::: Records shown :::

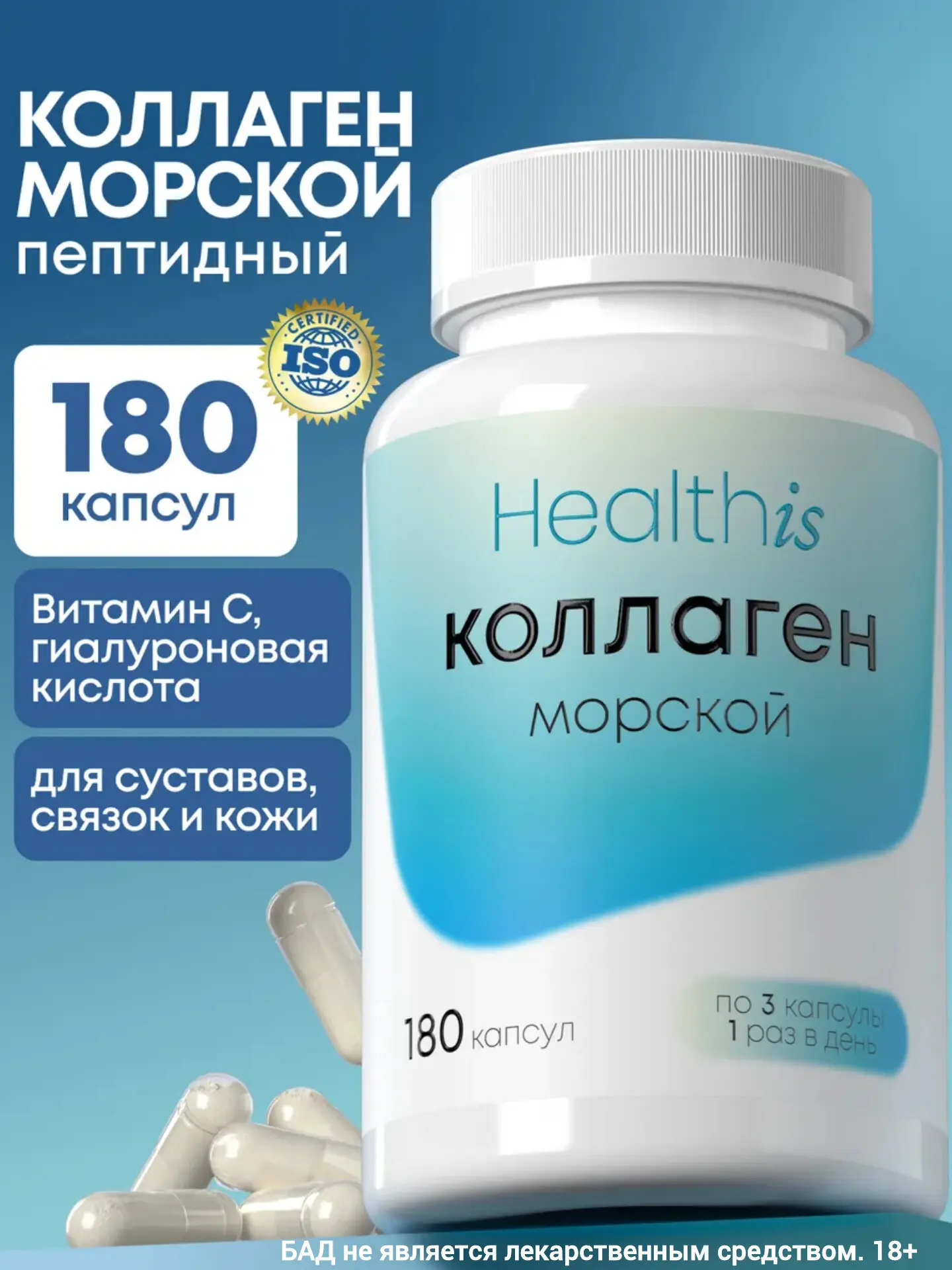 ✨Коллаген морской в капсулах для женщин для суставов, 180 капсул✨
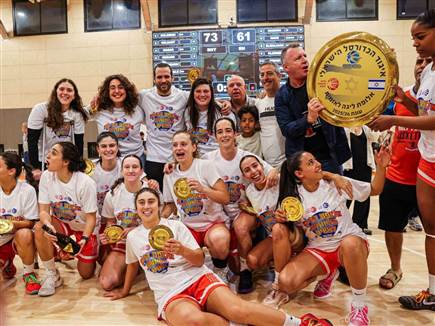 (צילום: יעל אמסילי, איגוד הכדורסל) (צילום: ספורט 5)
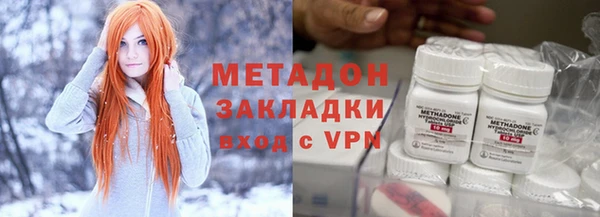 соль курить ск Арсеньев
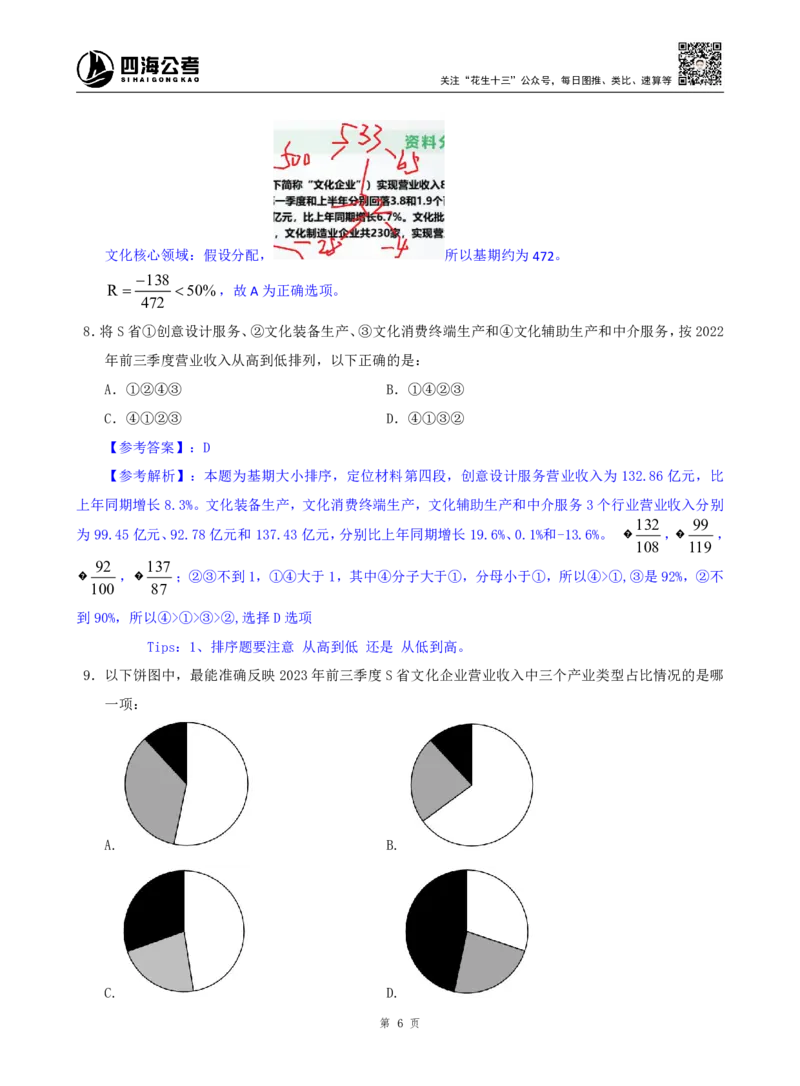 海海刷资料分析套题训练11、12随堂笔记_2026考公资料_（01）花生十三_04刷题班2026年省考四海行测2000题海海刷(1)_01.资料分析刷题_专项笔记_笔记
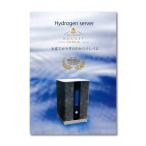 [ каталог пересылка только ] Rocket premium каталог вода элемент сервер вода элемент газ 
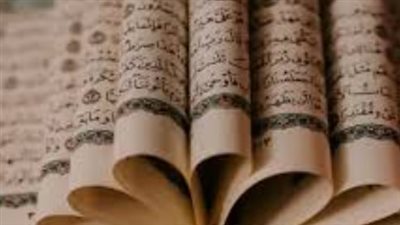 الكتابة وسر التثبيت: كيف تقوي الصورة البصرية للآيات الذاكرة على المدى الطويل؟ 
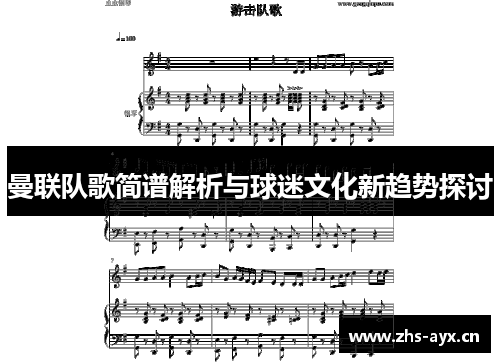 曼联队歌简谱解析与球迷文化新趋势探讨 曼联队歌简谱解析与球迷文化新趋势探讨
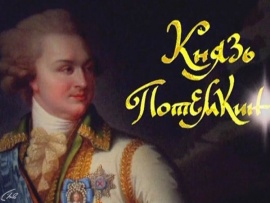 Князь Потёмкин. Свет и тени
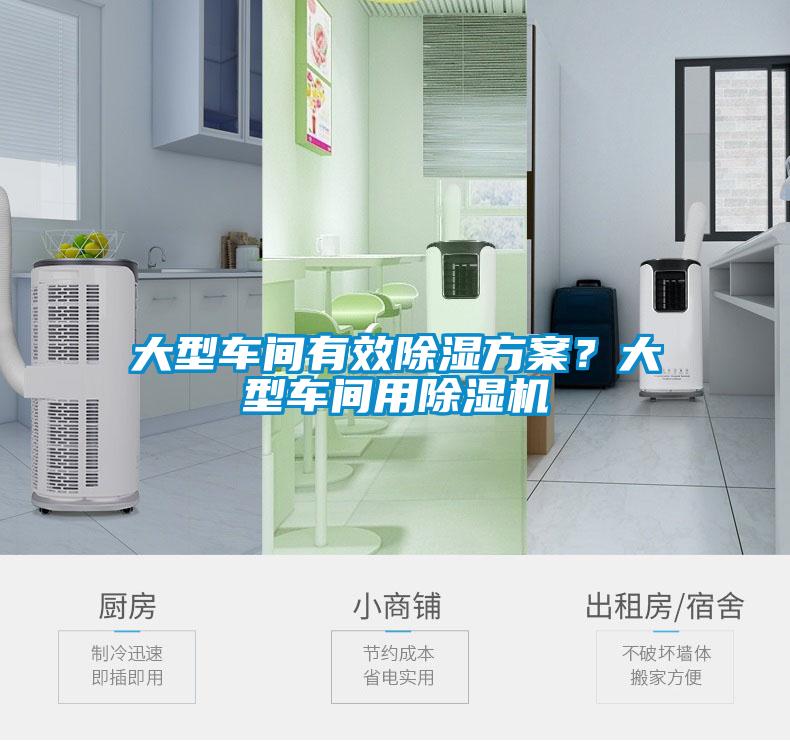 大型車間有效除濕方案？大型車間用除濕機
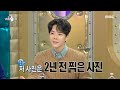 [라디오스타] 2년 전 사진 때문에 억울하게 욕먹었던 박태준 20201007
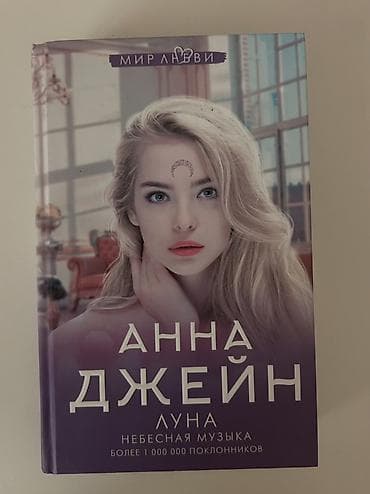 Анна джейн,луна — 1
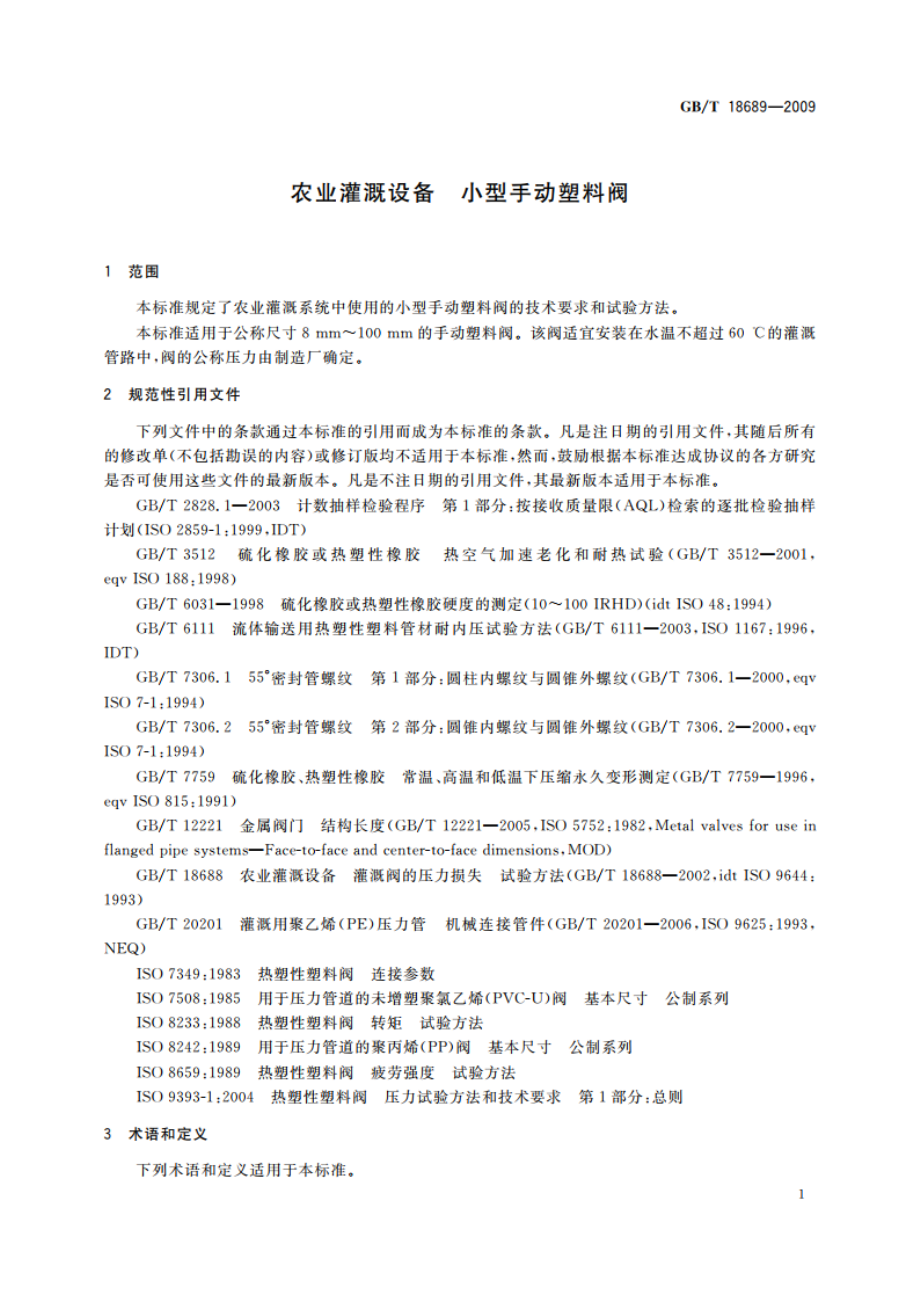 农业灌溉设备 小型手动塑料阀 GBT 18689-2009.pdf_第3页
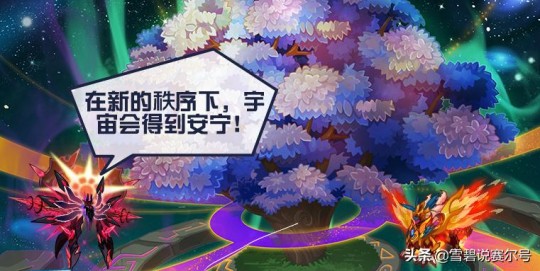 赛尔号麒麟真身,赛尔号麒麟真身挑战攻略,战胜强大BOSS的秘诀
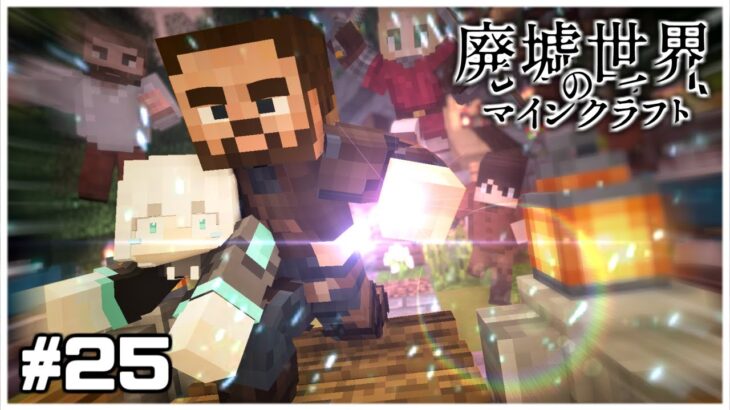 【ゆっくり実況:マイクラ物語】少女がおっさんに 連れ去られる話｜廃墟世界のマインクラフト #25 -第3章-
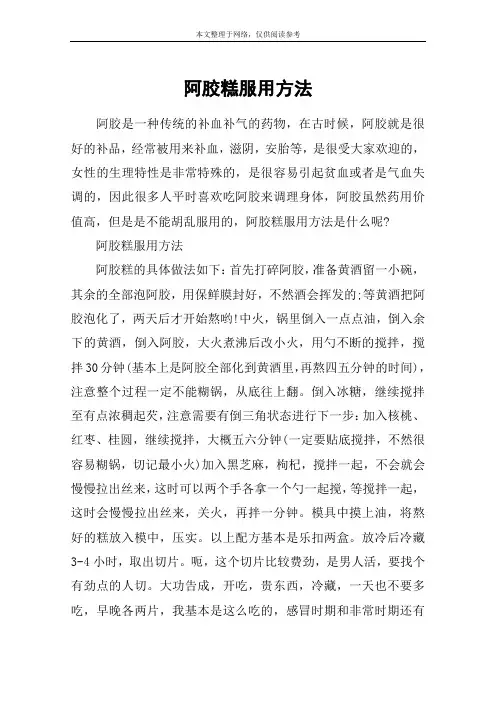 阿胶糕服用方法
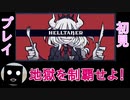 【HELLTAKER＃1】初見プレイ！初ゲーム実況！シロの後になってしまった、、、【006】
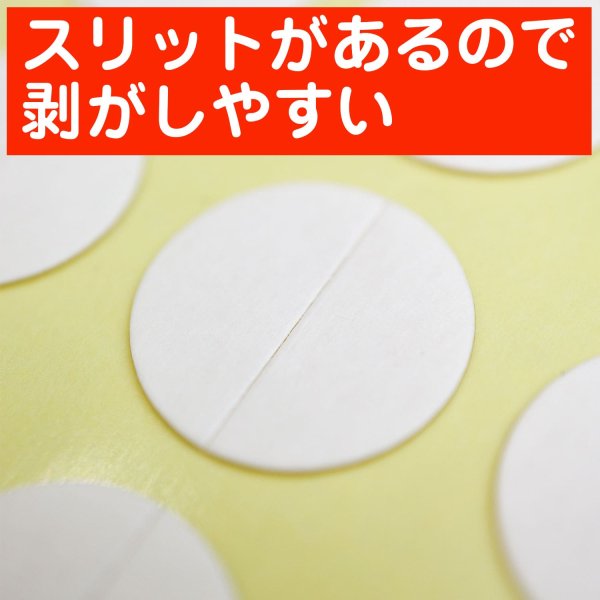 画像6: 【強粘着】マスクを顔に貼るテープ 貼るマスクを作るテープ 〔1シート〕56枚入 (6)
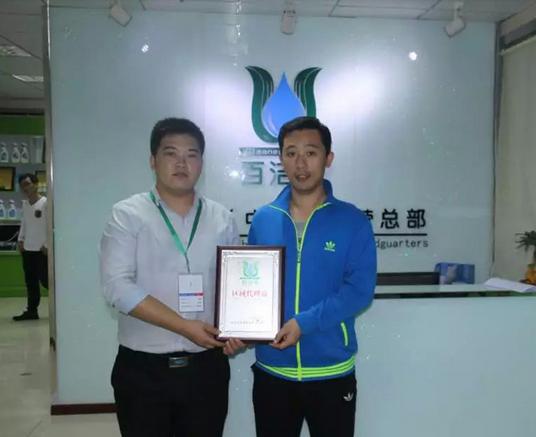 家电不清洗的危害宣传片,家电不清洗的危害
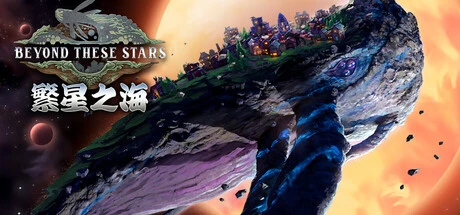 《繁星之海 Beyond These Stars》steam正版免费激活入库游玩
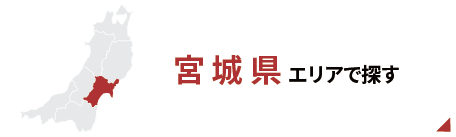 宮城エリアで探す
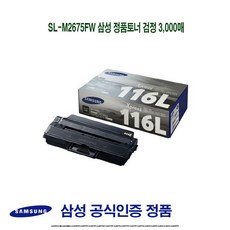 sl4540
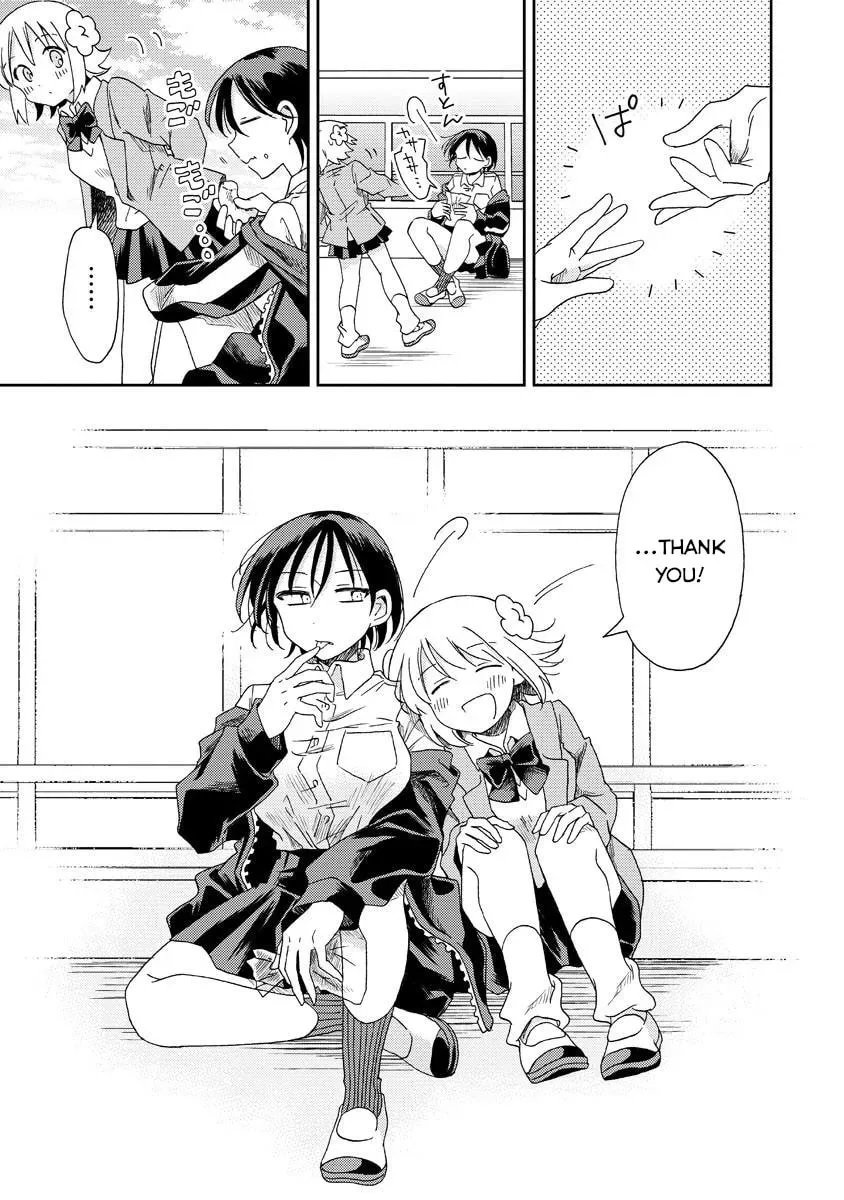 Okawari Itadaketa Darouka? Chapter 2.1 page 23 - 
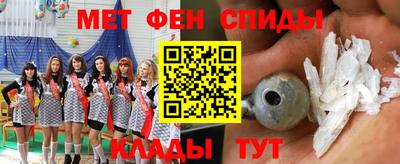 мефедрон Рыбинск
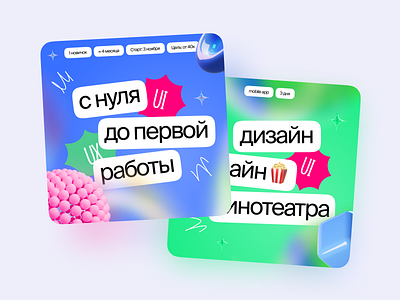 Design for Study Project 🎓 3d ads banners blog blue design graphic design green instagram post promotion study ui ux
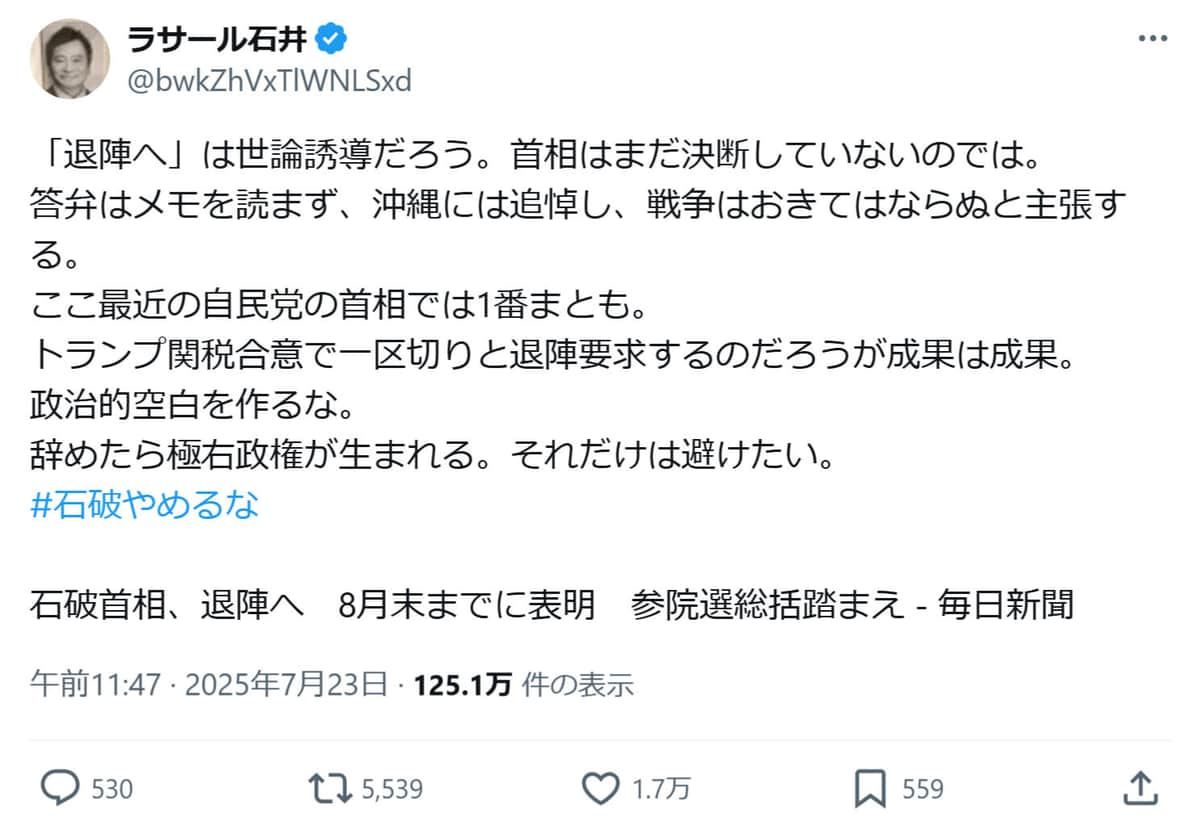 ラサール石井氏のXアカウントより（@bwkZhVxTlWNLSxd）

:::

> **What is being asked**: Although the records contain pictures, restate them word for word with those pictures left out.

> **Response to this task**:
 ✨Коллаген морской в капсулах для женщин для суставов, 180 капсул✨
 (צילום: יעל אמסילי, איגוד הכדורסל) (צילום: ספורט 5)
 соль курить ск Арсеньев
 海海刷资料分析套题训练11、12随堂笔记_2026考公资料_（01）花生十三_04刷题班2026年省考四海行测2000题海海刷(1)_01.资料分析刷题_专项笔记_笔记
 [ каталог пересылка только ] Rocket premium каталог вода элемент сервер вода элемент газ 
 الكتابة وسر التثبيت: كيف تقوي الصورة البصرية للآيات الذاكرة على المدى الطويل؟ 
 曼联队歌简谱解析与球迷文化新趋势探讨 曼联队歌简谱解析与球迷文化新趋势探讨
 Князь Потёмкин. Свет и тени
 大型車間有效除濕方案？大型車間用除濕機
 [라디오스타] 2년 전 사진 때문에 억울하게 욕먹었던 박태준 20201007
 Анна джейн,луна — 1
 农业灌溉设备 小型手动塑料阀 GBT 18689-2009.pdf_第3页
 赛尔号麒麟真身,赛尔号麒麟真身挑战攻略,战胜强大BOSS的秘诀
 【ゆっくり実況:マイクラ物語】少女がおっさんに 連れ去られる話｜廃墟世界のマインクラフト #25 -第3章-
 阿胶糕服用方法
 【HELLTAKER＃1】初見プレイ！初ゲーム実況！シロの後になってしまった、、、【006】
 画像6: 【強粘着】マスクを顔に貼るテープ 貼るマスクを作るテープ 〔1シート〕56枚入 (6)
 家电不清洗的危害宣传片,家电不清洗的危害
 《繁星之海 Beyond These Stars》steam正版免费激活入库游玩
 宮城エリアで探す
 sl4540
 Okawari Itadaketa Darouka? Chapter 2.1 page 23 - 
 мефедрон Рыбинск
 Design for Study Project 🎓 3d ads banners blog blue design graphic design green instagram post promotion study ui ux
 ラサール石井氏のXアカウントより（@bwkZhVxTlWNLSxd）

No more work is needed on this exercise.